In Marrakech, authorities were assessing the damage, with large pieces missing from saw-toothed roofs and only twisted metal, broken concrete and dust remaining in buildings cordoned off.
Tourists and residents lined up to donate much-needed blood. Jalila Guerina said that when she learned of the need, she ran to help because of her duty as a Moroccan citizen.
“I didn’t even think twice about it, especially in situations where people are dying, especially in their moment of need, any help,” she told The Associated Press.
Stray cats crawled over piles of rocks and wooden slats at the market, but there were few shoppers at the stalls set up by food and souvenir vendors under parasols.
The U.S. Geological Survey said the quake that struck at 11:11 p.m. had a preliminary magnitude of 6.8 and lasted several seconds. A magnitude 4.9 aftershock occurred 19 minutes later. The collision of the African and Eurasian plates occurs at relatively shallow depths, making earthquakes more dangerous.
It was the strongest earthquake to hit the North African country in more than 120 years, according to records from the United States Geological Survey (USGS), but it was not the deadliest. USGS records date back to 1900. In 1960, a 5.8-magnitude earthquake struck near the Moroccan city of Agadir, killing at least 12,000 people. That earthquake prompted Morocco to change its building rules, but many buildings, especially rural homes, were unable to withstand such an earthquake.

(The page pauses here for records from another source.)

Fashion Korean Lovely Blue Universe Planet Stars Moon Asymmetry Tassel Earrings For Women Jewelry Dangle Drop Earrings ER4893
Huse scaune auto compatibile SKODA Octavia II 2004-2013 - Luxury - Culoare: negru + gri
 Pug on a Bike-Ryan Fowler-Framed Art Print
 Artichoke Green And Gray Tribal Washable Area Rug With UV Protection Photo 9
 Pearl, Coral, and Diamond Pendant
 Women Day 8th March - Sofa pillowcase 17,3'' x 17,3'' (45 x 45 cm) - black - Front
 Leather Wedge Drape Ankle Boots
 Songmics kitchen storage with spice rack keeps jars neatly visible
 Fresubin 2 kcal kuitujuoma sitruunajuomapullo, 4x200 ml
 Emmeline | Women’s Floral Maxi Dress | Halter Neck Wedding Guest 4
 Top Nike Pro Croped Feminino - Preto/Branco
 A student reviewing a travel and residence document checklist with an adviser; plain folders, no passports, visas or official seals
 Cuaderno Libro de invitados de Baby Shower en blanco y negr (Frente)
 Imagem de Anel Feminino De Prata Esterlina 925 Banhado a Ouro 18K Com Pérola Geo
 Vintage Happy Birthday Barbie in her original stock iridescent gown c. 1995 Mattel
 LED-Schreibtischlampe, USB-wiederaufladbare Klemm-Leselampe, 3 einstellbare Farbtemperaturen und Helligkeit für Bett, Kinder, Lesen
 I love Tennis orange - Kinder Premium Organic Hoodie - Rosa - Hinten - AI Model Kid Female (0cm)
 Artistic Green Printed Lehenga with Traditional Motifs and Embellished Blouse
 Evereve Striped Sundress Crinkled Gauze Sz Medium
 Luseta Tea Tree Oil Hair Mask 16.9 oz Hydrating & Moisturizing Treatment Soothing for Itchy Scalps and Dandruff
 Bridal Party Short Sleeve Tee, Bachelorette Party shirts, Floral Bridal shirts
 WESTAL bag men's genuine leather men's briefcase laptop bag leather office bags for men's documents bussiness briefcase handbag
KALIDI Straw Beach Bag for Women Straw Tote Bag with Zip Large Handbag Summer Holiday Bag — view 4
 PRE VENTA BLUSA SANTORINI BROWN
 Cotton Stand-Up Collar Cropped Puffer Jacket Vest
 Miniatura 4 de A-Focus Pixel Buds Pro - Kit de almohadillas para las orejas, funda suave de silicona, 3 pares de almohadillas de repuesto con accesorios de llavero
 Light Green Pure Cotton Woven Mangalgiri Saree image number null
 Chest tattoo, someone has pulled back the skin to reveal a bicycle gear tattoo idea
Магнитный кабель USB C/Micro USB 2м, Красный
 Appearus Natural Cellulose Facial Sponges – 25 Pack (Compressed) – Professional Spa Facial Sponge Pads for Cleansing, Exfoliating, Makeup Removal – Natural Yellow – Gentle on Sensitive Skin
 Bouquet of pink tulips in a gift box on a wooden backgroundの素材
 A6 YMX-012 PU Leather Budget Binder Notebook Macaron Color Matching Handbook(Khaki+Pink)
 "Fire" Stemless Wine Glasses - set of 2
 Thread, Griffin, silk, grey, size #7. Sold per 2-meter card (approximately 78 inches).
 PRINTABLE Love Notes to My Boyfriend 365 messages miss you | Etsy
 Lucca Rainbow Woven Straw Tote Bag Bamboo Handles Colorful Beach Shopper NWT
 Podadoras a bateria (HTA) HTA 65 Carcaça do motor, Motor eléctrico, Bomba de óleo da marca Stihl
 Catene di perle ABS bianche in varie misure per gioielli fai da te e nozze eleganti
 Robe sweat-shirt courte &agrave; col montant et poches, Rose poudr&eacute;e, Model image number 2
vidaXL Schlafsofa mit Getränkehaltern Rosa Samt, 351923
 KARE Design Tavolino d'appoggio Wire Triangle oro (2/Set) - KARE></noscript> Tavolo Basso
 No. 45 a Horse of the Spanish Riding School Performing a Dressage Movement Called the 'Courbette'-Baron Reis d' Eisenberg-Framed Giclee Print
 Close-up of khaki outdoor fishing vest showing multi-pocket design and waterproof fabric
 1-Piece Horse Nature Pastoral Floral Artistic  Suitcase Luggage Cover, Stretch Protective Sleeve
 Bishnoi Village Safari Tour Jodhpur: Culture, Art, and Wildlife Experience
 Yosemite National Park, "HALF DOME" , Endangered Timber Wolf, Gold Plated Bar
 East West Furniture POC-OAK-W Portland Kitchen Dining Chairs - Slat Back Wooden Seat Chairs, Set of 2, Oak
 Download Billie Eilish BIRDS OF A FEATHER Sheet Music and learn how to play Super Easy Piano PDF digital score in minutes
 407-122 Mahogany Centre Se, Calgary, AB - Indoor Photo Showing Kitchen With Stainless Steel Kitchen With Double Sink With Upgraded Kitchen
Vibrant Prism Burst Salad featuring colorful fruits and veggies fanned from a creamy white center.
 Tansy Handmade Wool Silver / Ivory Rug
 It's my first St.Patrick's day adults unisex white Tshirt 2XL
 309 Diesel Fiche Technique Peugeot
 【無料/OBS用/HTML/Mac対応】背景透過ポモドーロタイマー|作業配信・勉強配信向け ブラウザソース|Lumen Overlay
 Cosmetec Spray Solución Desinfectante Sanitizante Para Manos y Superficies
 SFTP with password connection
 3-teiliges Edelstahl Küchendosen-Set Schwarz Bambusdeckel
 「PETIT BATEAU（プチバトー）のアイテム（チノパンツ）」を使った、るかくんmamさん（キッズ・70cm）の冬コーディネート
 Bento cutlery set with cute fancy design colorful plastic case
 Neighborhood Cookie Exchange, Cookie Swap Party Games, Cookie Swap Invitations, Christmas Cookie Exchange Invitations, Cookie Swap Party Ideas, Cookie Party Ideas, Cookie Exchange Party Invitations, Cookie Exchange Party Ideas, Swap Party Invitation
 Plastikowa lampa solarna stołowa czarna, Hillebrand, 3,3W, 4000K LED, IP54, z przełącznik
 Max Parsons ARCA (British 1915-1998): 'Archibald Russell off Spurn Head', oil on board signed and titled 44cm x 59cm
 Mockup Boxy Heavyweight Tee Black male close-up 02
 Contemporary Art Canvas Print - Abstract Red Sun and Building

In 2004, a 6.4-magnitude earthquake struck near the Mediterranean coastal city of Al Hoceima, killing more than 600 people.
Friday’s quake was felt as far away as Portugal and Algeria, according to Portugal’s Institute of Marine and Atmospheric Research and Algeria’s civil protection agency, which oversees the emergency response.
Angela Charlton in Paris, Brian Mely in London, Mark Carlson in Marrakesh and Huda Benalla in Rabat, Morocco also contributed.